La sutileza de unas marionetas contrasta con la desmesura de un político que no parlamenta: se impone. En una democracia frívola, su furia se convierte en proyecto político y lo delirante en verdad ideológica. Detrás del grito hay un desborde emocional mal gestionado: su figura de león —como en un cuento de Disney— fue devorada por la lógica del poder, y ese héroe shakesperiano encarna lo que personajes como el conejo Bodoque ridiculizan: la ilusión de que los fantasmas yacen fuera del inconsciente, alimentando la paranoia colectiva. Ya no ruge la libertad, sino un coro de cortesanos mientras la institucionalidad resiste, y la rabia de los argentinos queda atrapada en la impotencia de lo indecible, acumulándose como una olla a presión.

Ahí aparece la paradoja: el hombre que se dice libre es prisionero de su propio delirio. En su gesto de dinamitarlo todo hay una forma de omnipotencia que roza lo infantil, o, probablemente, un trauma de infancia: una sobrestimación de sus propias capacidades, una dificultad evidente para aceptar sus límites. Esa dudosa capacidad de convivir con un mundo que no obedece a su deseo es lo que vuelve su figura tan perturbadora.

Milei no sólo expresa una crisis de la democracia: expresa la crisis del sujeto contemporáneo. Su exceso es nuestro propio exceso. Su impulsividad, nuestra frustración.

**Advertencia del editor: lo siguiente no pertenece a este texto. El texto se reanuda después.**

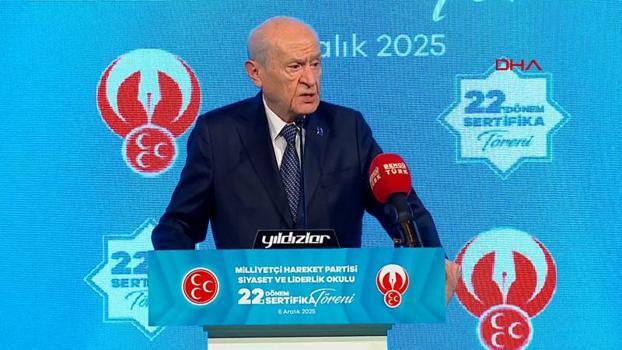 Bahçeli: Yüzyılın yolsuzluğu olarak tanımladığımız İBB soygunluğu her tarafa sıçramıştır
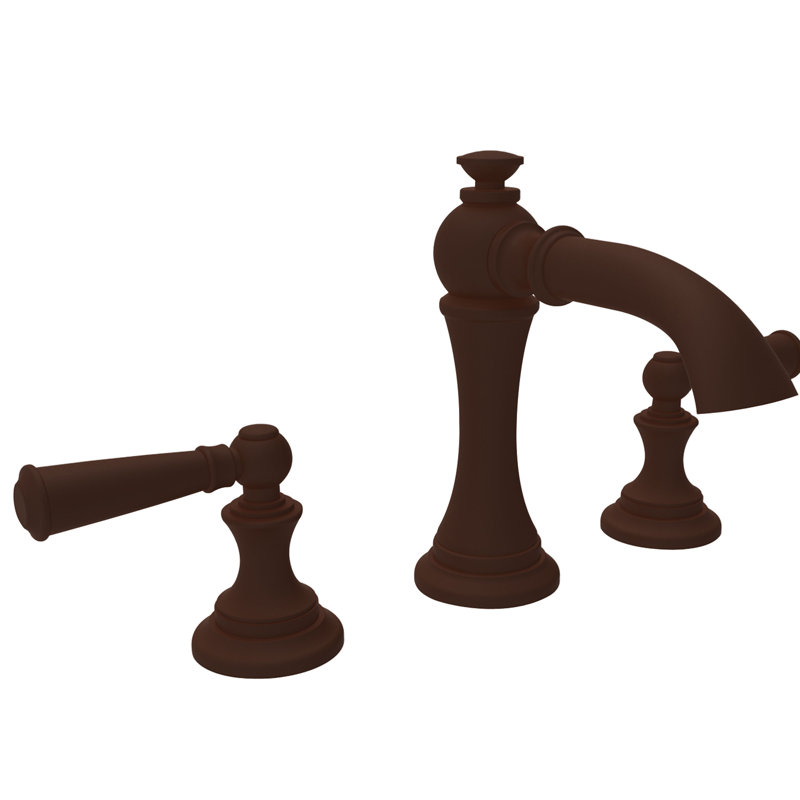 Sutton Widespread Bathroom Faucet with Drain Assembly, Oil Rubbed Bronze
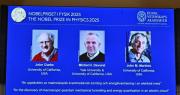 El premio Nobel de Física fue para tres científicos que abrieron el camino para la computación cuántica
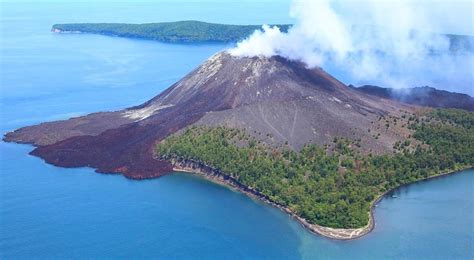 Krakatoa Island (Anak Krakatau, Lampung Indonesia) cruise port schedule ...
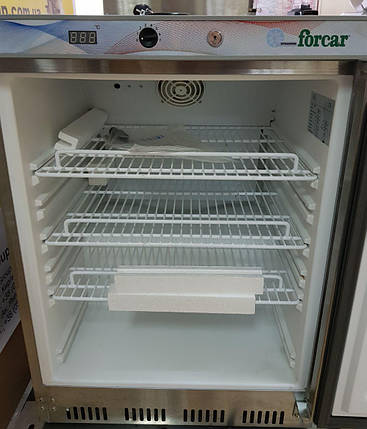 Холодильник професійний для бару Forcar нержавійка б/в, фото 1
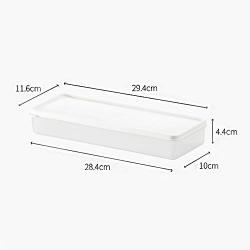 Kitchen noodle crisper, refrigerator storage box, plastic food storage box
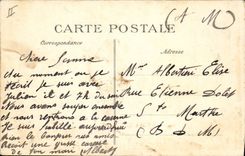 CPA Tramway Train Toulon Mourillon Boulevard du littoral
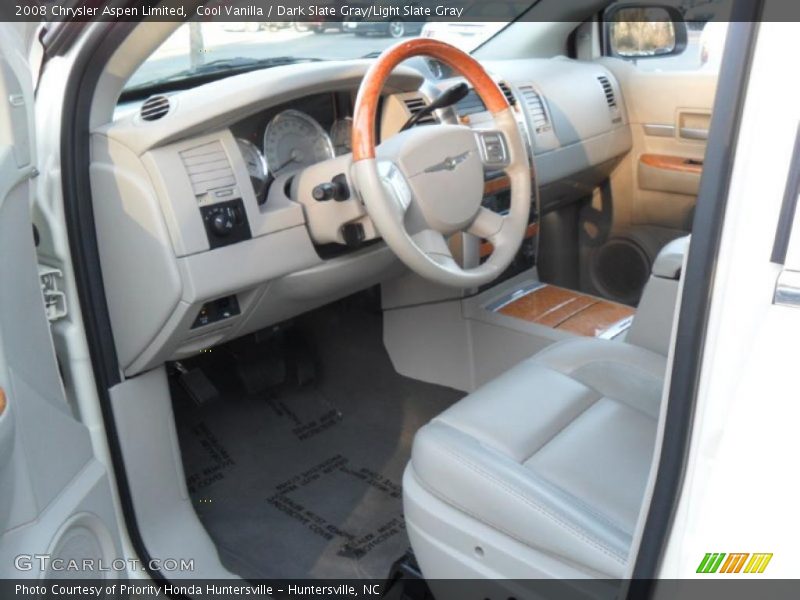 Dashboard of 2008 Aspen Limited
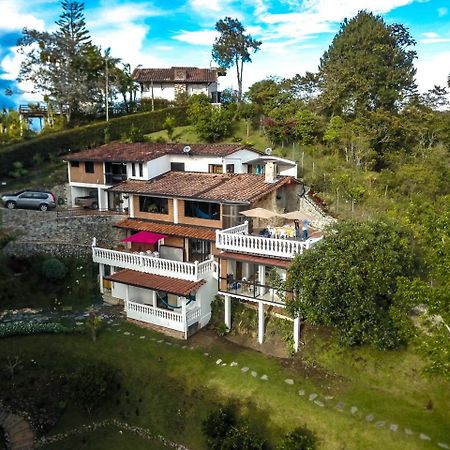 Serendipity Hospedaje Boutique Guatapé Esterno foto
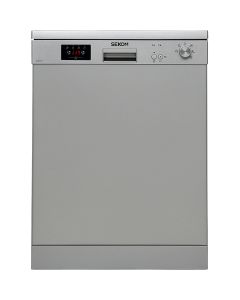 Lavastoviglie 13 coperti, colore silver, 59,8x59,8xh.85 cm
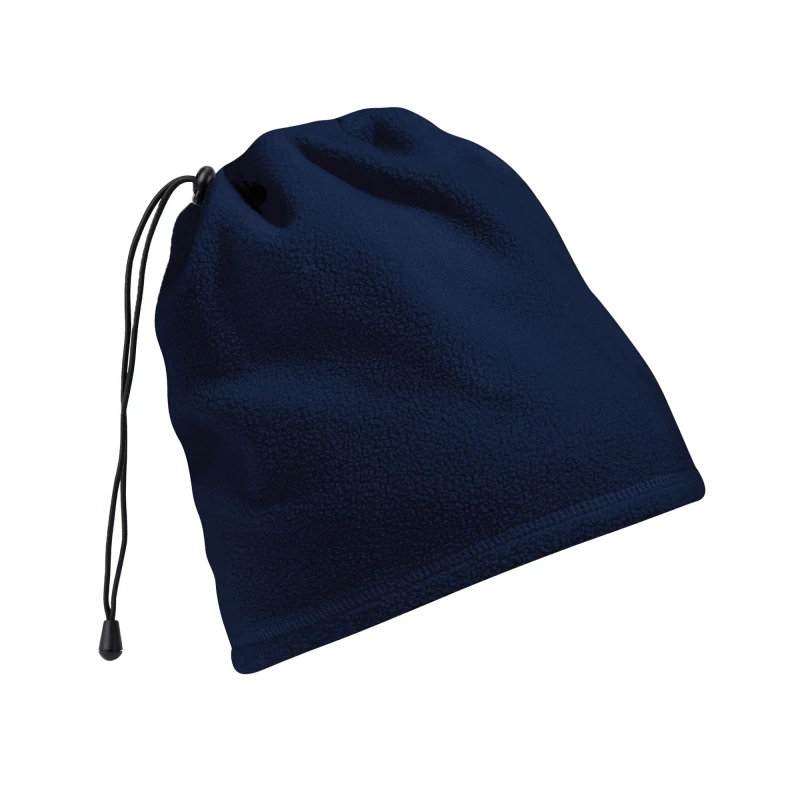 Image of Beechfield Womens Suprafleece Snood Cap in Navy Navy Female One Size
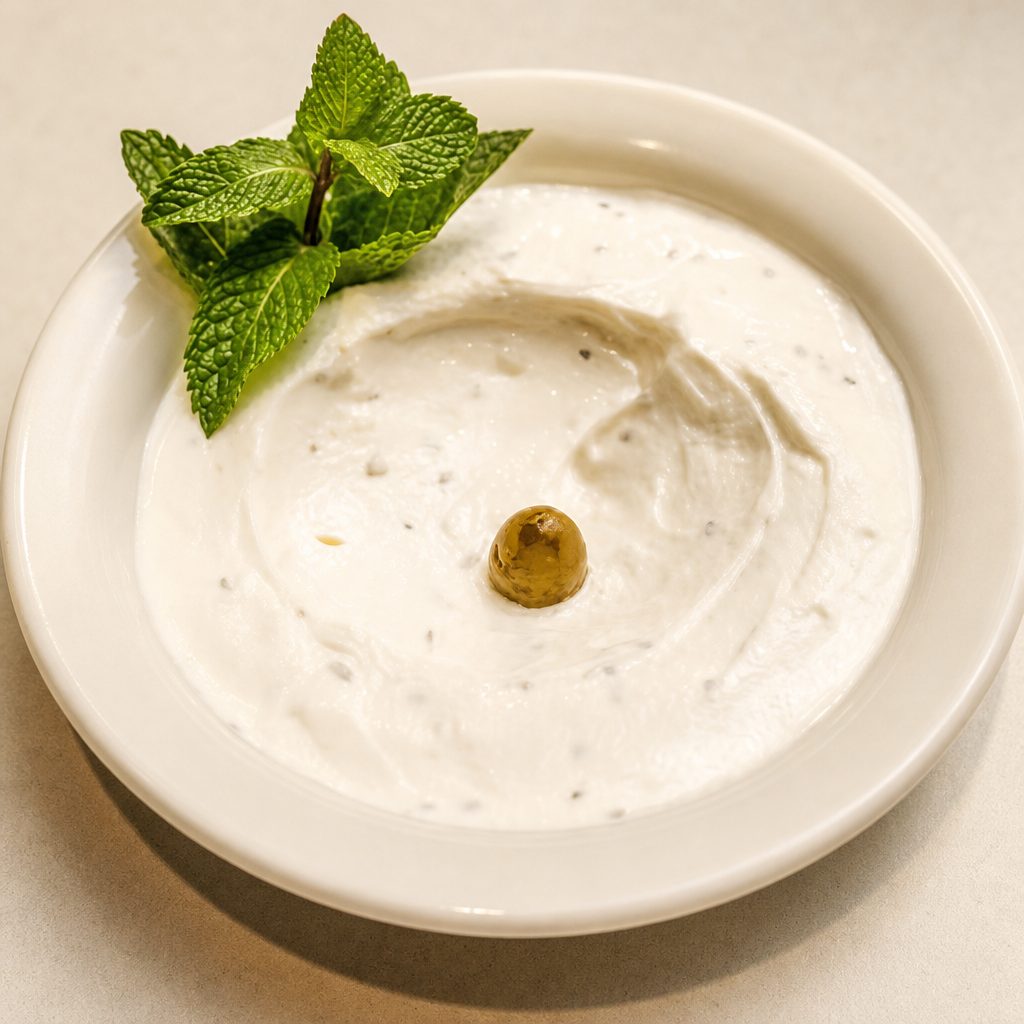 Labne (Yogurt Cream).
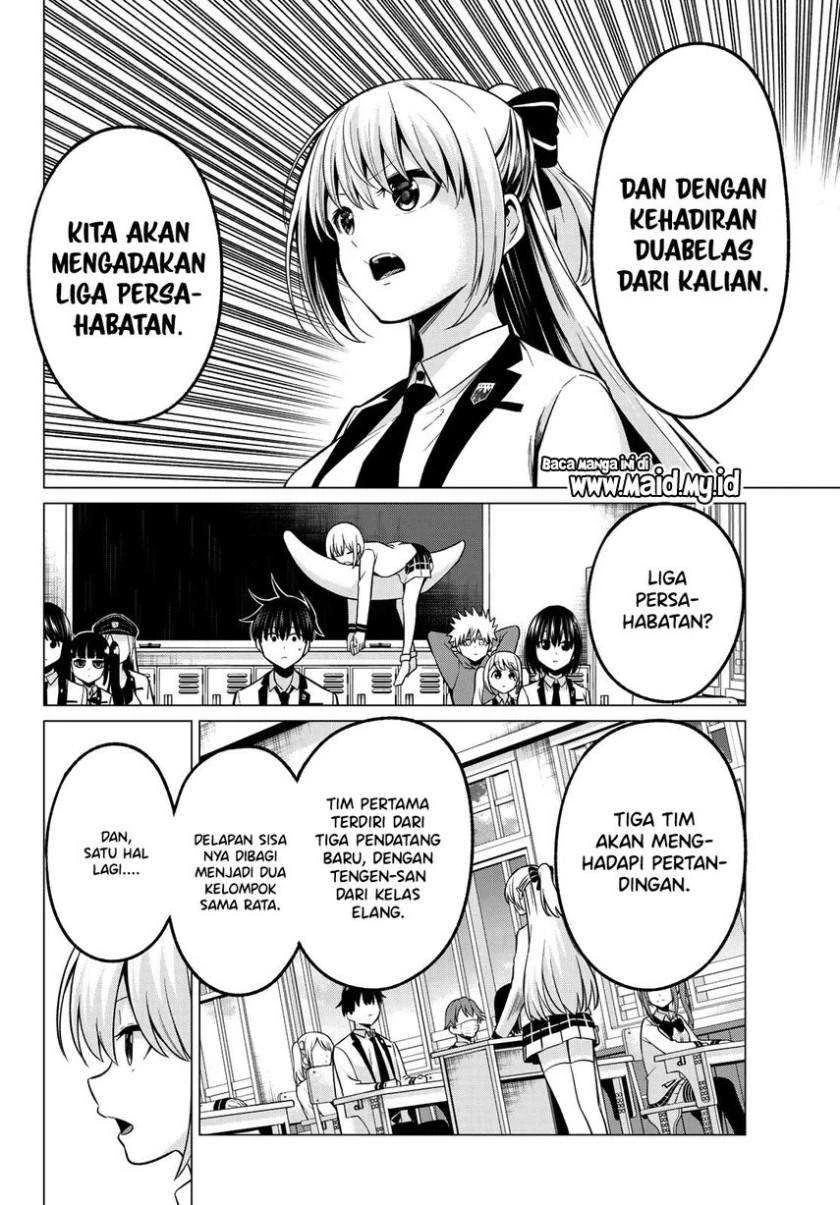 Halaman 16 — Koi ka Mahou ka Wakaranai! Chapter 31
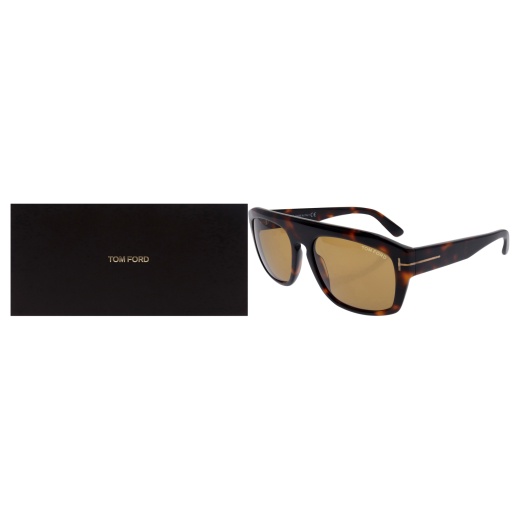 Tom Ford Tf470 56E Conrad - Havana-Brown Sunglasses for Women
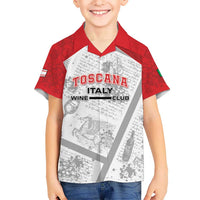 Personalized Italy Tuscany Hawaiian Shirt Toscana Wine Club - Wonder Print Shop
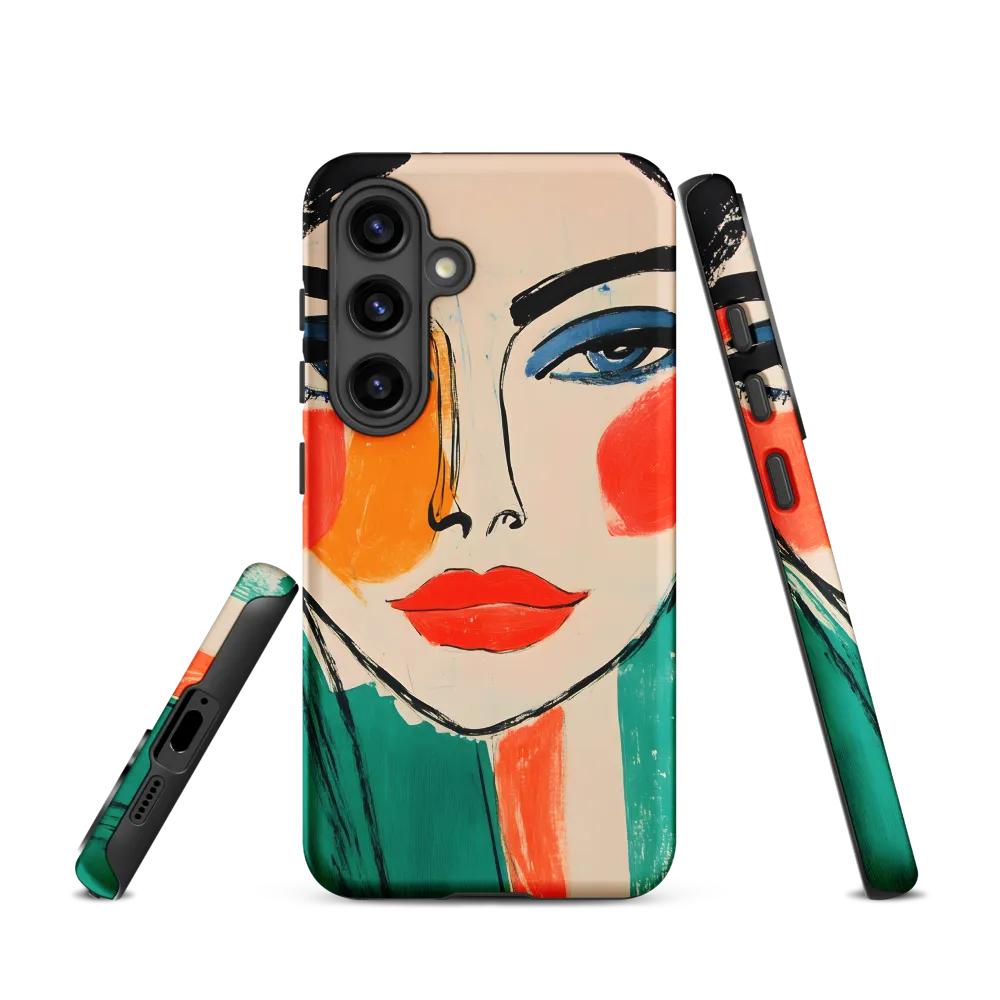 Vivid Portrait of a Modern Muse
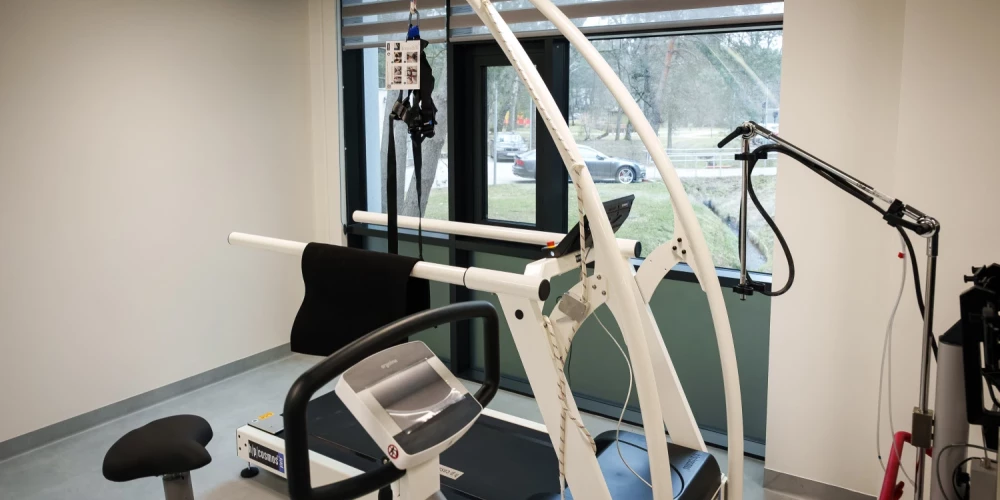 Vaivaros atklāts moderns, pasaules standartiem atbilstošs Ambulatorās rehabilitācijas centrs.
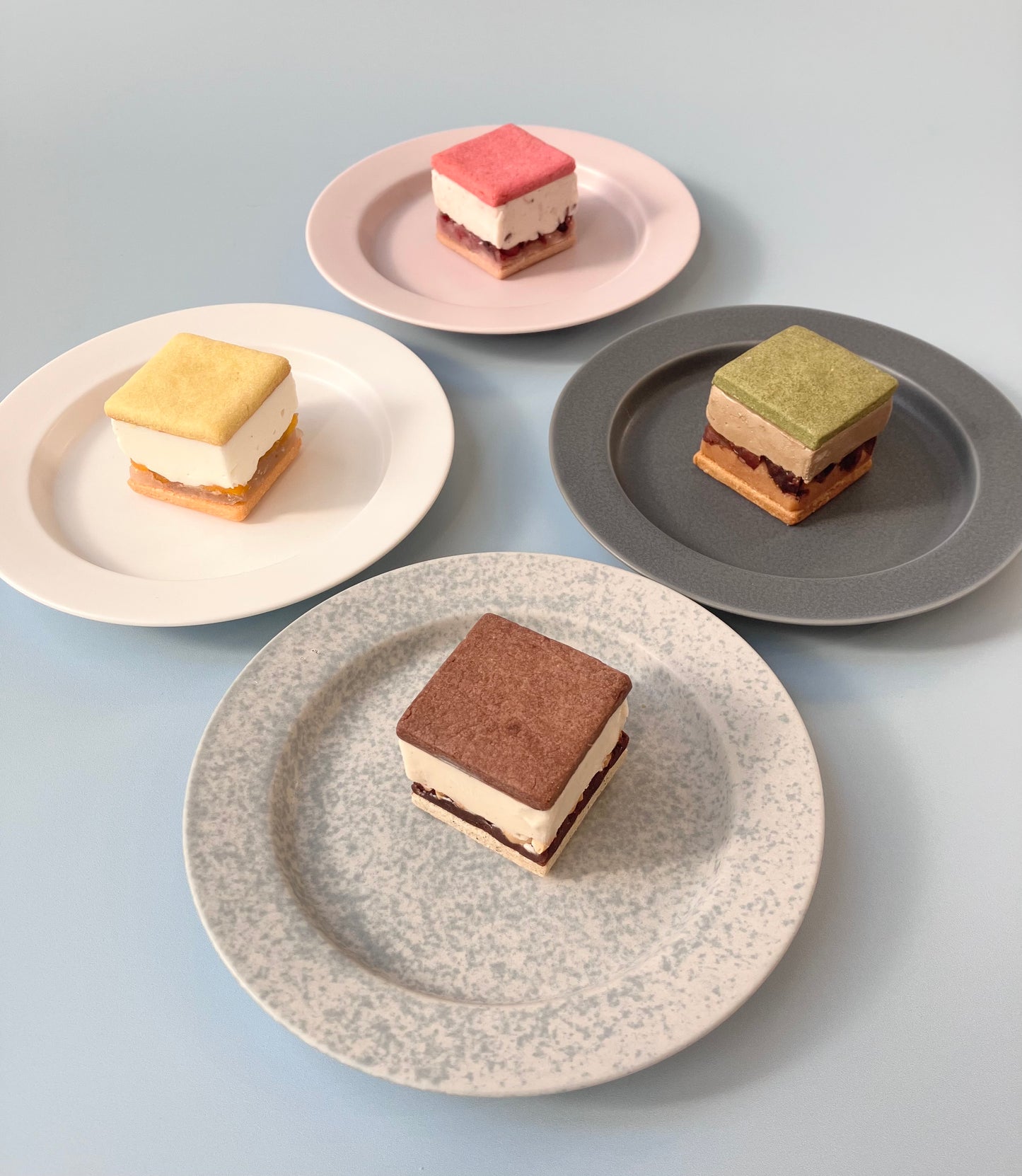 【冷凍配送】巡る四季のバターサンド（4個入）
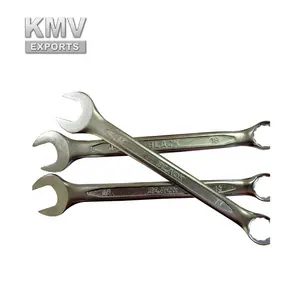 Juego de llaves de carraca de combinación pulidas con espejo de 18mm de calidad estándar internacional, el mejor precio, métricas de acero, OEM personalizables para - Product Image 1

Su eficacia política radica en condensar el malestar de una época que ya no busca comprender, sino liberar la emoción reprimida. No inventó el deseo de romper los marcos sociales, pero lo encarna en su forma más destructiva: un liderazgo que no gestiona la divergencia política, sino que opera por pura adhesión afectiva. Confunde la rebeldía con la negación y la verdad con el grito. Los títeres de 31 Minutos, en cambio, trabajan como la terapia colectiva que nos ayuda a procesar esa insoportable levedad en la que han caído nuestras democracias.

Quizás por eso, más que un político, Milei es un síntoma: no solo de Argentina, sino de toda esa América Latina que abrazó el liberalismo democrático casi como religión, olvidando que era solo una posibilidad histórica tras la Guerra Fría y el fin de las dictaduras. En ese olvido surge el terreno fértil donde figuras como la suya reclaman hablar en nombre de la libertad.

Milei encarna nuestra dificultad para tolerar la falta permanente que impide la plena realización de nuestras libertades, habitar las contradicciones sociales y aceptar nuestra fragilidad. Cuando el poder se confunde con el goce, deja de gobernar y empieza a devorarse a sí mismo.

Quizás por eso el contraste con 31 Minutos resulta tan revelador: mientras Milei transforma la política en un concierto de egos y gritos, las marionetas chilenas recuperan la racionalidad mesurada del espacio democrático. En tiempos donde el cinismo y la furia dominan el discurso público, un puñado de títeres logra lo que la política parece haber olvidado: que la verdadera libertad no se conquista destruyendo, sino creando espacios compartidos de imaginación, ironía y empatía. Tal vez, en esa ternura subversiva, resida hoy la forma más lúcida de resistencia.